Article complet du #90 | L’alimentation, un enjeu de justice sociale : mouvements alimentaires, politiques publiques et inégalités

FR : Cet article entend nuancer une thèse mise en avant par de nombreux travaux sur les coopératives alimentaires, qui souligne les tensions entre leurs objectifs militants et productifs. En mobilisant les données d’une enquête ethnographique réalisée à Paris sur une période de deux ans, et en s’appuyant sur le modèle de l’articulation contingente segmentée proposé par Giry et Wokuri (2020), l’article montre que ces tensions sont loin d’être unanimement perçues « de l’intérieur ». À travers l’exemple de la politique d’achat et de vente de la coopérative étudiée, nous montrons que l’articulation de ses objectifs militants et productifs, telle qu’elle transparaît dans les discours des enquêtés, est bien contingente et segmentée. La politique d’achat et de vente est ici déclinée en trois segments : la politique tarifaire de la coopérative, le choix des produits, et le fonctionnement hybride du magasin. La première partie montre que pour chacun de ces trois segments, les coopérateurs ont des points de vue hétérogènes sur les rapports entre rendements militants et productifs, ceux-ci étant tout aussi bien décrits comme divergents, convergents ou indépendants. La seconde partie montre que les perceptions des coopérateurs, et plus largement leur engagement dans la coopérative, sont partiellement stabilisés à travers diverses activités de régulation (Le Velly, 2017). La conclusion souligne que se pencher sur la manière dont les coopérateurs définissent « ce qui compte » pour eux permet de nourrir une réflexion plus large sur la pérennité des initiatives alternatives qui se montent actuellement, et sur le potentiel d’essaimage des coopératives.
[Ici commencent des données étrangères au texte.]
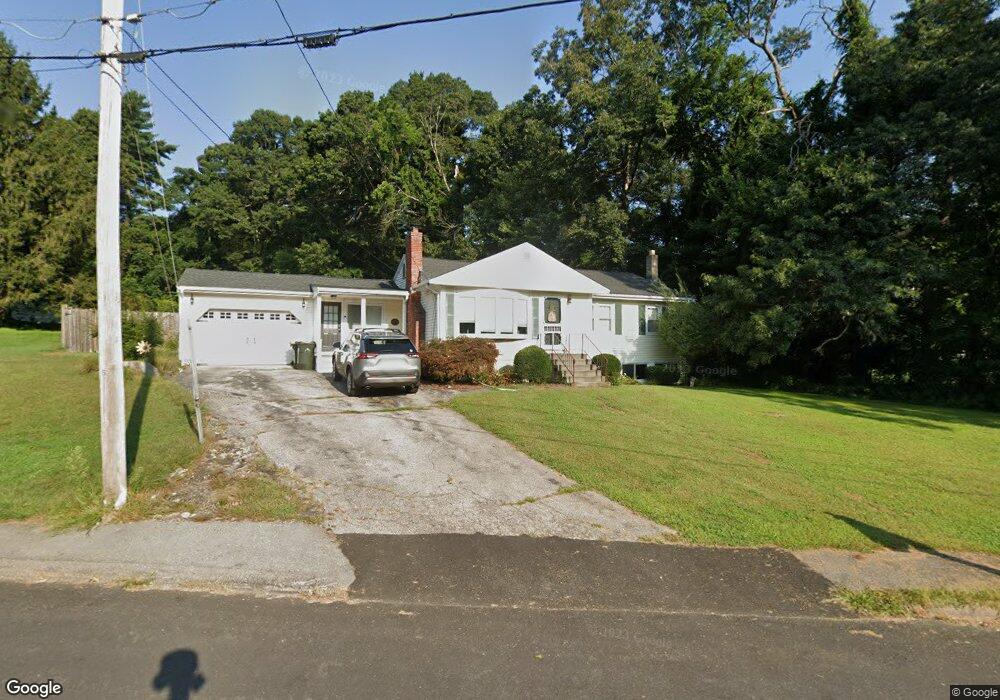 28 Candace Dr, Bellingham, MA 02019 - photo 1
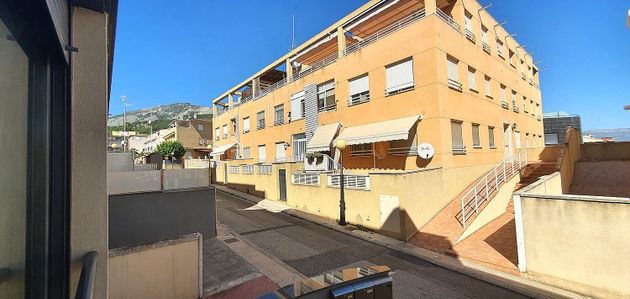 Foto 2 de Casa en venta en calle Federico García Lorca de 3 habitaciones con terraza y garaje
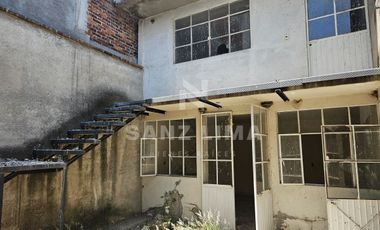 La Cruz: Terreno con nave industrial y construcciones aisladas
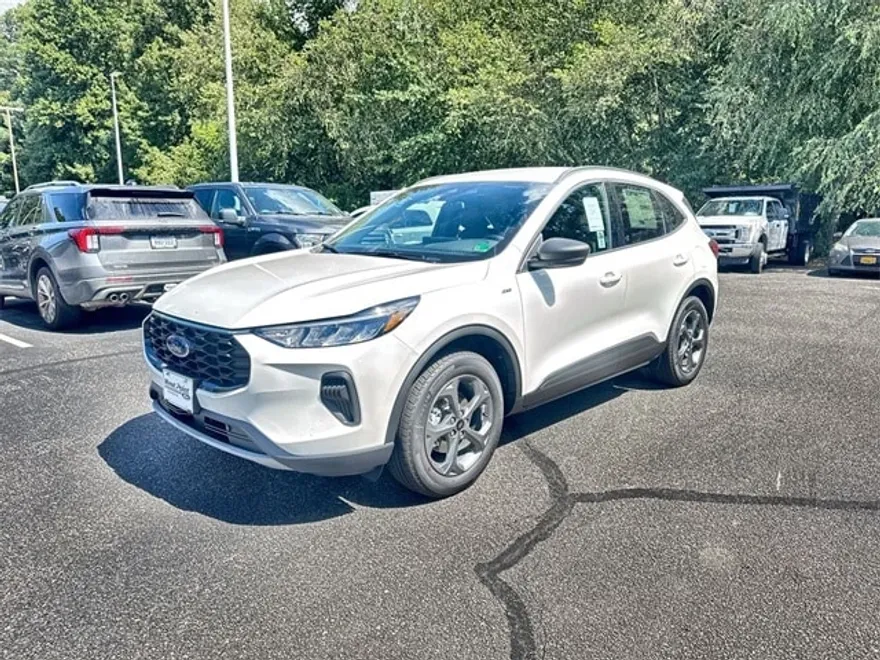 2025 Ford Escape ST-Line photo 1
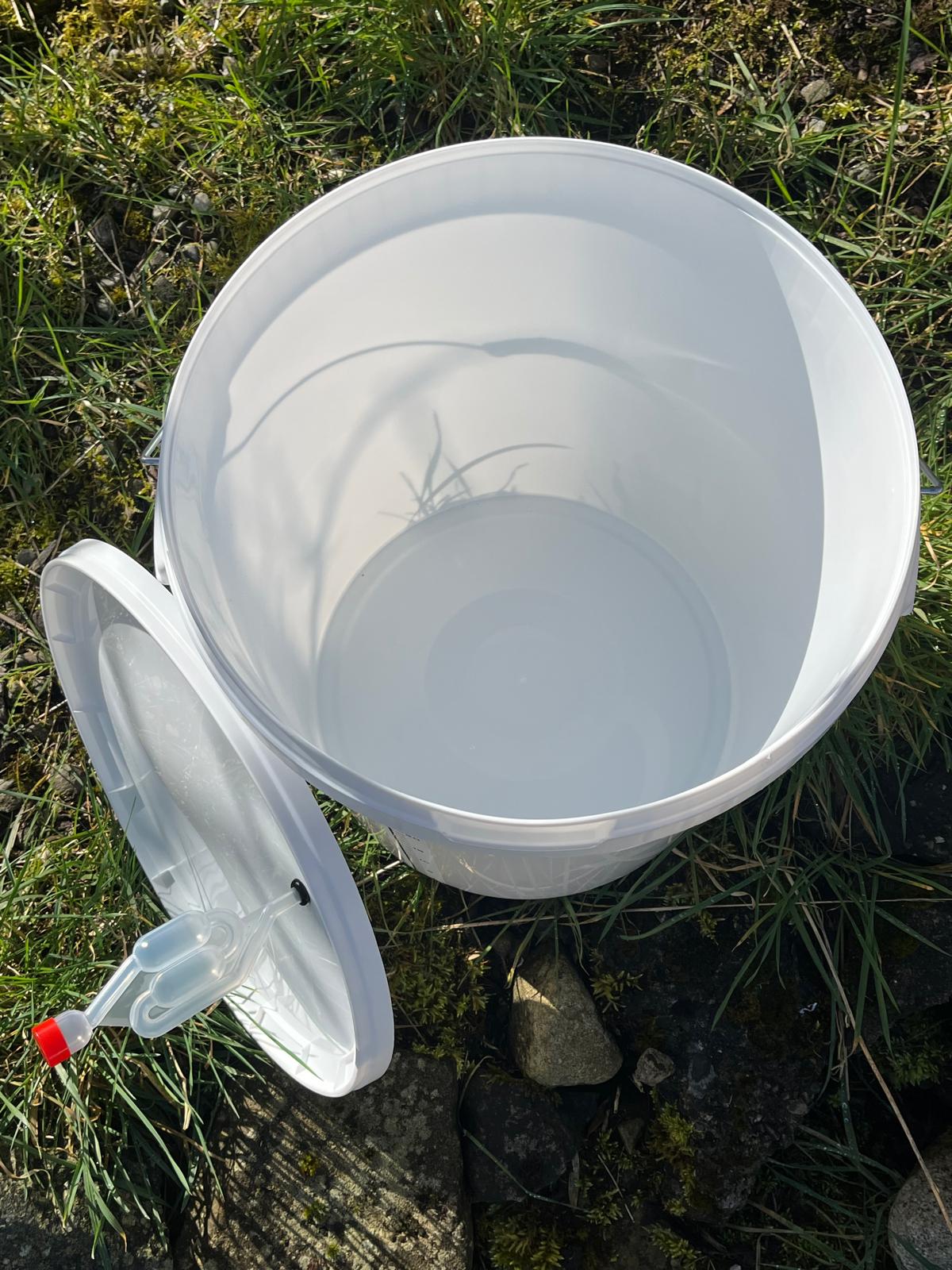 33 Litre Fermenter With Bubbler (Airlock) and Graduated Scale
Mots clés : coopérative, supermarché, alternative alimentaire, France

EN: This article seeks to bring nuances to a common thesis on food co-ops, which emphasizes the tensions between their activist and productive objectives. By relying both on ethnographic data collected in Paris over a period of two years, and on the theoretical framework provided by Giry and Wokuri (2020), the article shows that these tensions are far from being unanimously perceived “from the inside”. Through the example of the purchasing policy of a specific food co-op, we show that the articulation between activist and production-oriented objectives, as reported by members, is indeed contingent and segmented. The purchasing policy can be divided into three segments: the pricing policy of the food co-op, the choice of the products on sale, and the hybrid nature of the way the store operates. The first part shows that for each of these segments, members have heterogeneous viewpoints on the dynamics between activist and productive values, which may as well be described as divergent, convergent or independent. The second part shows that members’ perceptions and involvement in the food co-op are partially stabilized through various regulation activities (Le Velly, 2017). The conclusion underlines that addressing what co-op members define as “what matters” to them contributes to the ongoing debates on how sustainable are recently-created food alternatives, and on how to expand food co-ops.